*Entries provided*.
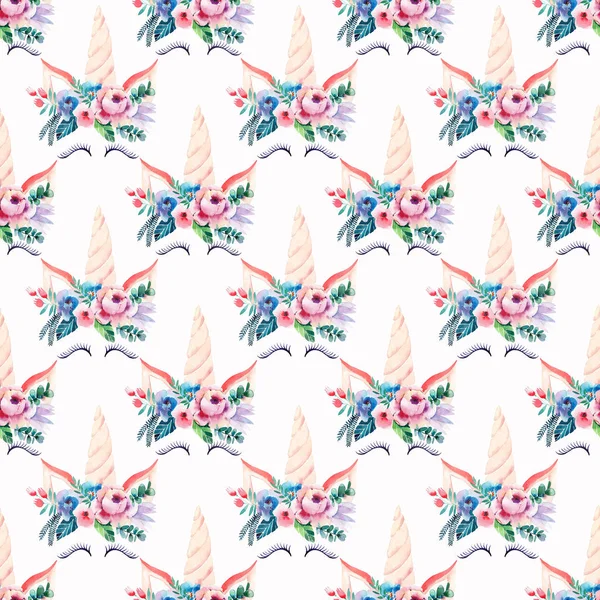 Bright Beautiful Spring Lovely Cute Fairy Magical Colorful Pattern Unicorns — Stock Photo, Image
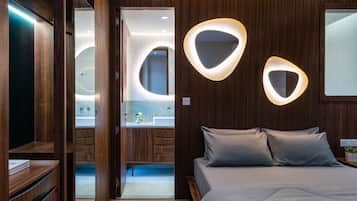 1 quarto, roupas de cama premium, camas Select Comfort, frigobar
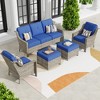 XIZZI 5 Pieces Wicker Furniture, Outside Conversation Set, 3-Seat Sofa with Cushion, High Back Rattan Chairs and Ottomans for Garden Backyard - 3 of 4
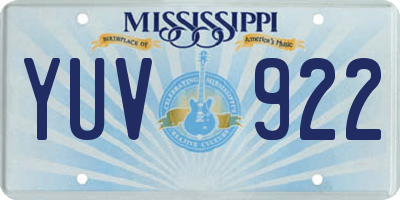 MS license plate YUV922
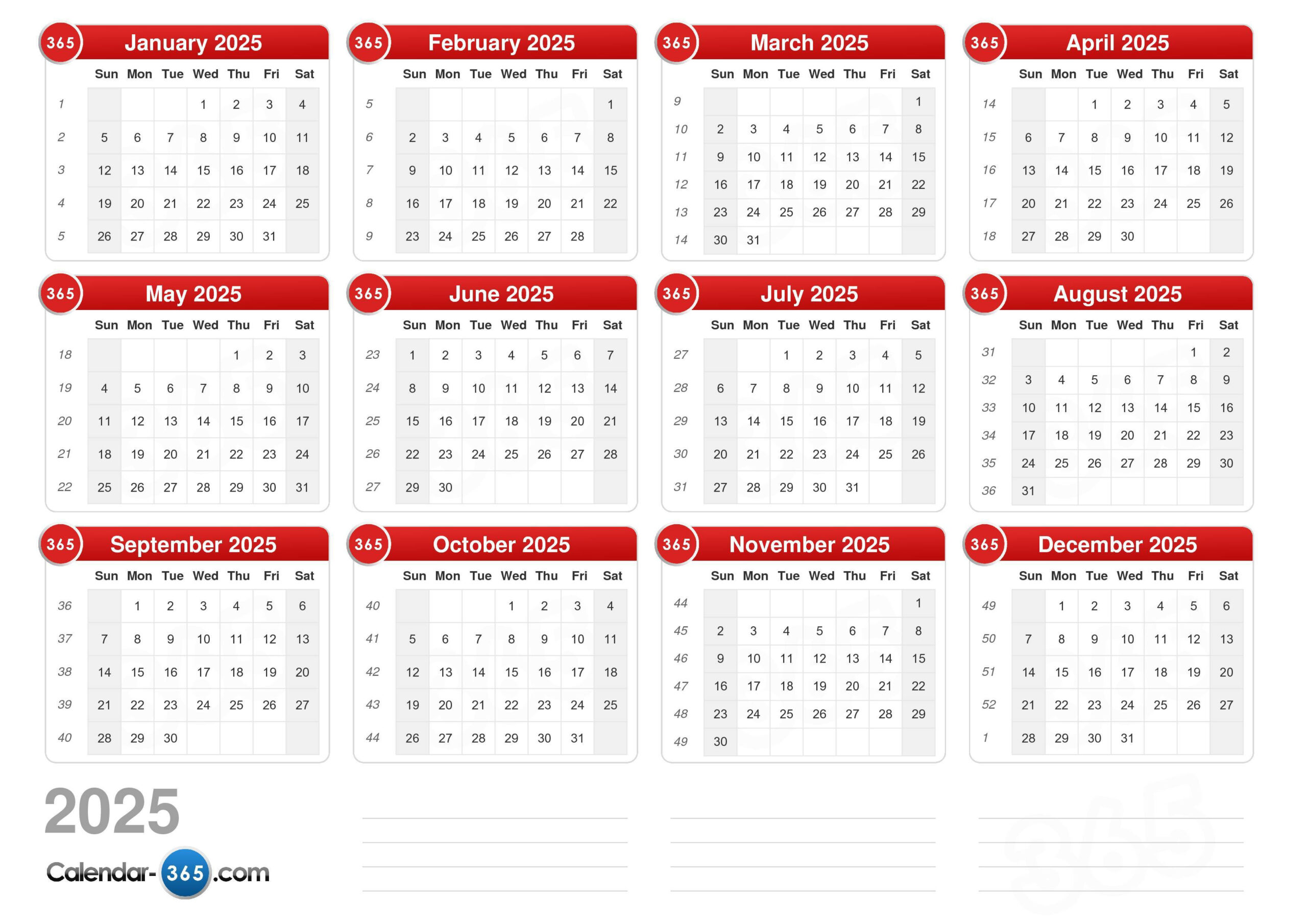 2025 Calendar inside 2025 Calendar with Week Numbers Printable Free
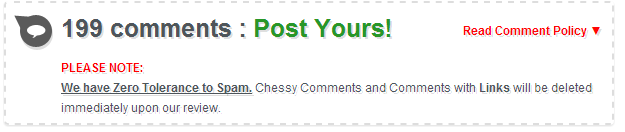 Comment Header with comment policy Comment Header with comment policy
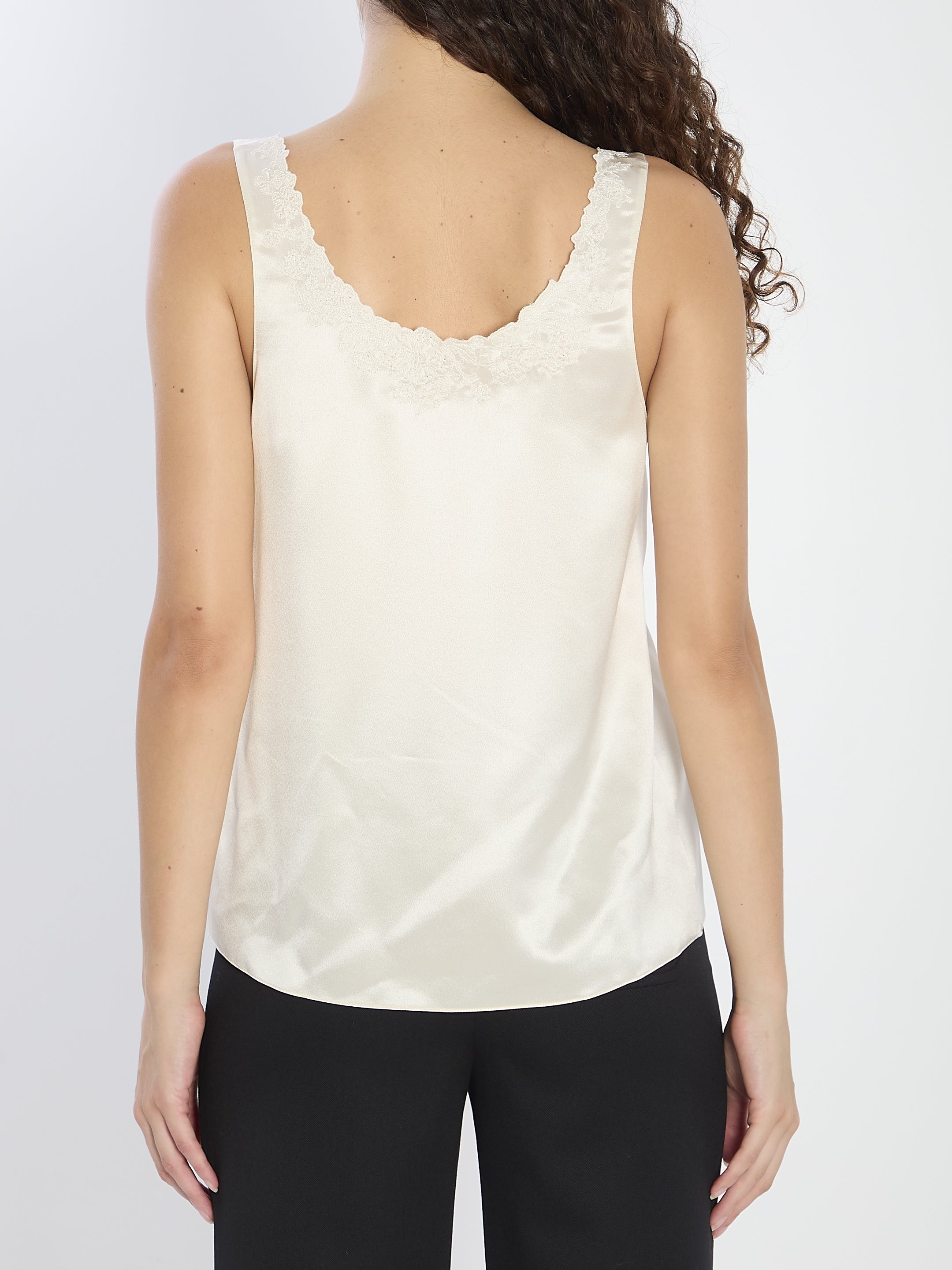 CELINE Embroidered Relaxed Fit Lingerie Top - Size 38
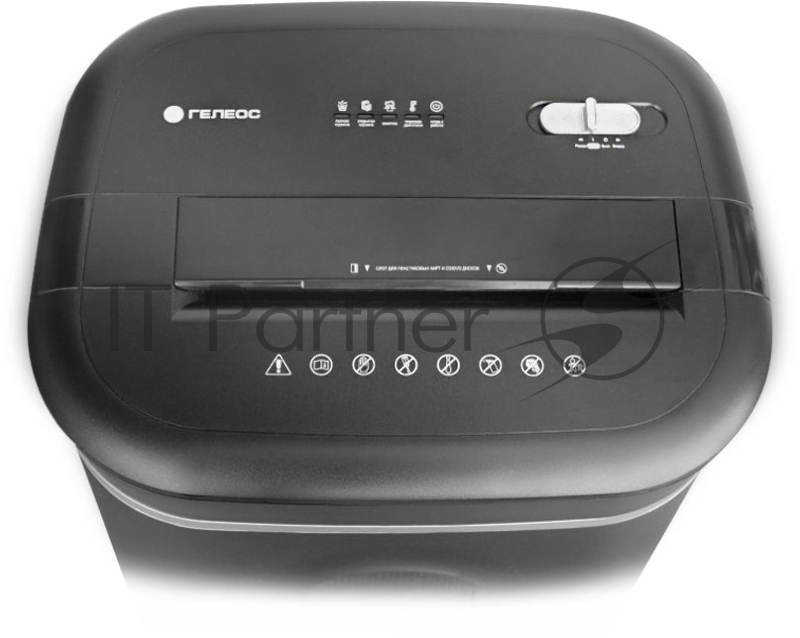 Шредер ГЕЛЕОС УМ28-5, DIN P-5 (5 ур-нь секр.), 28 литров, фрагмент 1,9х12мм, 13-14 лист (70г/м2), CD/пл.карты/скрепки/скобы,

*Problem requirements*.
Without any pictures, transcribe the listing above exactly as written.

*Result for this task*.
 Bright Beautiful Spring Lovely Cute Fairy Magical Colorful Pattern Unicorns — Stock Photo, Image
 1 quarto, roupas de cama premium, camas Select Comfort, frigobar
 XIZZI 5 Pieces Wicker Furniture, Outside Conversation Set, 3-Seat Sofa with Cushion, High Back Rattan Chairs and Ottomans for Garden Backyard - 3 of 4
 MS license plate YUV922
 2025 Calendar inside 2025 Calendar with Week Numbers Printable Free
 Comment Header with comment policy Comment Header with comment policy
 CELINE Embroidered Relaxed Fit Lingerie Top - Size 38
 Шредер ГЕЛЕОС УМ28-5, DIN P-5 (5 ур-нь секр.), 28 литров, фрагмент 1,9х12мм, 13-14 лист (70г/м2), CD/пл.карты/скрепки/скобы,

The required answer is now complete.